It is not known which tribal group occupied the area of Derby, though the Corieltauvi and Cornovii are the most likely. In AD 46-47 the Roman Army under the direction of governor Aulius Plautius had probably occupied the lands to the south of the River Trent, so in AD 50 this was the front line. There is a shortage of written documentation about these years so reliance is made on archaeological excavations. Late in 47 the new governor of Britain, Ostorius Scapula, began a campaign against the tribes of modern-day Wales, and the Cheshire Gap. During these times Strutt's Park Roman fort was one of the new forts built along the new supply road from Wroxeter to Rossington.

The campaign to conquer the Silures continued under the governor Quintus Veranius and his successor Gaius Suetonius Paulinus but by now Strutt’s Park's rôle was to maintain the peace. Around AD 74, the lands north of the River Mersey became unstable, when Queen Cartimandua had to ask for Roman assistance to fight off a rebellion. Then in AD78, Gnaeus Julius Agricola, made famous through the highly laudatory biography of him written by his son-in-law, Tacitus, was made governor. He consolidated the forts, improved the road infrastructure and led some now well documented campaigns – firstly in AD78, he reconquered North Wales, then in AD79 he conquered the Brigantes and Parisii, taking all of Northern England up to the present Scottish border. Strutt's Park fort was vacated in AD 80 when Derventio was built.

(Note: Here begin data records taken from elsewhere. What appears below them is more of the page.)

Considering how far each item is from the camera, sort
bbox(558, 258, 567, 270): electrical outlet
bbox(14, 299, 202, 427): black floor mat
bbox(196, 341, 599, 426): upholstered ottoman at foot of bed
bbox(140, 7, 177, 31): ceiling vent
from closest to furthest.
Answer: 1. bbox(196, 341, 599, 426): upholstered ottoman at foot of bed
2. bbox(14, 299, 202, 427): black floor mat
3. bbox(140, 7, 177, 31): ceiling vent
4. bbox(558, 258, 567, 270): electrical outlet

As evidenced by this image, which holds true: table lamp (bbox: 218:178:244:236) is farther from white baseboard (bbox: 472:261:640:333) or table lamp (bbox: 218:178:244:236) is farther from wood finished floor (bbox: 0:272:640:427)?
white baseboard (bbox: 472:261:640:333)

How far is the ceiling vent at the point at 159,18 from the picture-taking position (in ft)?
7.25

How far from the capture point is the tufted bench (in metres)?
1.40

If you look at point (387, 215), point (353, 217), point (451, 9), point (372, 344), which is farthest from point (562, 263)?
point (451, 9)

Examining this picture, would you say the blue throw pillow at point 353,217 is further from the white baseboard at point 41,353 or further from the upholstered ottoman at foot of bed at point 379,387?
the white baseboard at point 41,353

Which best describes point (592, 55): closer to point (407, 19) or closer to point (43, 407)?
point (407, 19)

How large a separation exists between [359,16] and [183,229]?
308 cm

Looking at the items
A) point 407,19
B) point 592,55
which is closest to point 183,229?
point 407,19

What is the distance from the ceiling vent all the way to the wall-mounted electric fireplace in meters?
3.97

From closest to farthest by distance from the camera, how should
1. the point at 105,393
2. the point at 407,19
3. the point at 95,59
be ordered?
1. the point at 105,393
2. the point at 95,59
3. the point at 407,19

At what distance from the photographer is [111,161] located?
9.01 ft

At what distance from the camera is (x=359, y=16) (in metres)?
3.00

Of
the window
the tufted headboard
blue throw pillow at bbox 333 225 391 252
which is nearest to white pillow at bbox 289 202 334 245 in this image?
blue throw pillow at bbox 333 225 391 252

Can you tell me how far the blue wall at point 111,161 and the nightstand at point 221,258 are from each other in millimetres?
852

Derventio was occupied for 40 years until around 120AD. To put this in context, the Emperor Hadrian visited Britannia in AD120 and ordered his Wall to be built. Though Britannia always had a large garrison, focus now changed to industrial production. Derby produced pottery and had access to the lead mining to the north in the Peak District; later it became a centre for metalworking. This continued for the next 200 years.

== Bibliography ==
- "Exploratory excavations at Little Chester, Derby" in Derbyshire Archaeological Journal vol. 102 (1982) pp. 74–83
- M. Brassington, "The Roman roads of Derby" in Derbyshire Archaeological Journal vol. 101 (1981) pp. 88–92
- M. Brassington, "Little Chester, Derby: The 1926 excavations" in Derbyshire Archaeological Journal vol. 113 (1993)

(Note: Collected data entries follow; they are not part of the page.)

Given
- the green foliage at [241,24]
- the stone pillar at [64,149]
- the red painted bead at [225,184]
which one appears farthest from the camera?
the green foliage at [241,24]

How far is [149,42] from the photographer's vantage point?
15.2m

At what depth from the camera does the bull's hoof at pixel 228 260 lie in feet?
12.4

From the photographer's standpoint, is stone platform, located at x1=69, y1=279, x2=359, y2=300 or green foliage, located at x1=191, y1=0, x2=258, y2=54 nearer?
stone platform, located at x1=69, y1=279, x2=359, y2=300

- Barry C. Burnham, John Wacher, The Small Towns of Roman Britain. London: Batsford, 1990
- J. D'Arcy, A City within a City. Little Chester, Derby AD 80 - AD 2000. Derby, 2005
- M. Dearne, "The military vici of the South Pennines: retrospect and prospect" in R. Hodges, K. Smith, eds, Recent Developments in the Archaeology of the Peak District (Sheffield: Sheffield University Press, 1991) pp. 69–84
- J. Dool, H. Wheeler and others, Roman Derby - Excavations 1968-1983. 1986. (Derbyshire Archaeological Journal vol. 105, 1985)

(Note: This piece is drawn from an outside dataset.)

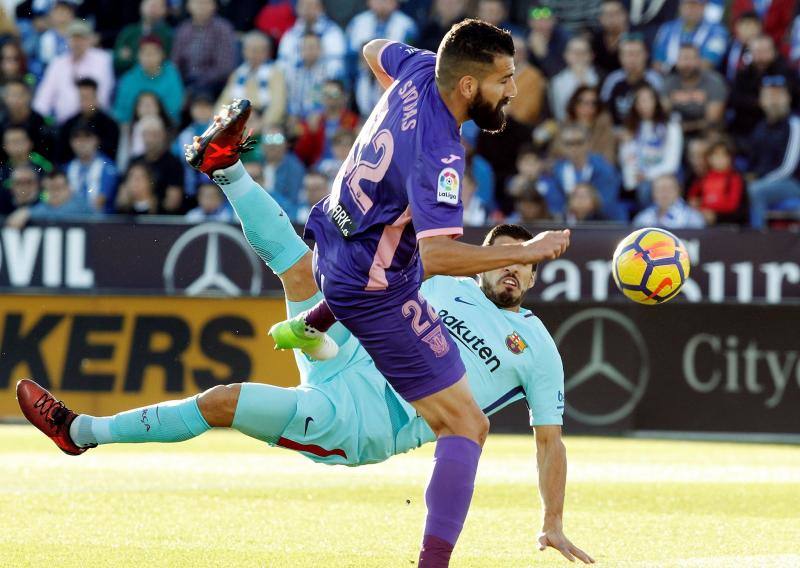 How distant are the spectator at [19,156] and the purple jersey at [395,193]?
1012 centimetres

- R. Langley, C. Drage, "Roman Occupation at Little Chester, Derby: salvage excavation and recording by the Trent and Peak Archaeological Trust 1986-1990" in Derbyshire Archaeological Journal vol. 120 (2000)
- A. L. F. Rivet, Colin Smith, The Place-Names of Roman Britain (London: Batsford, 1979) p. 334
- C. B. Sherwin, "Roman Remains at Little Chester" in Derbyshire Archaeological Journal vols 46/47 (1924/1925)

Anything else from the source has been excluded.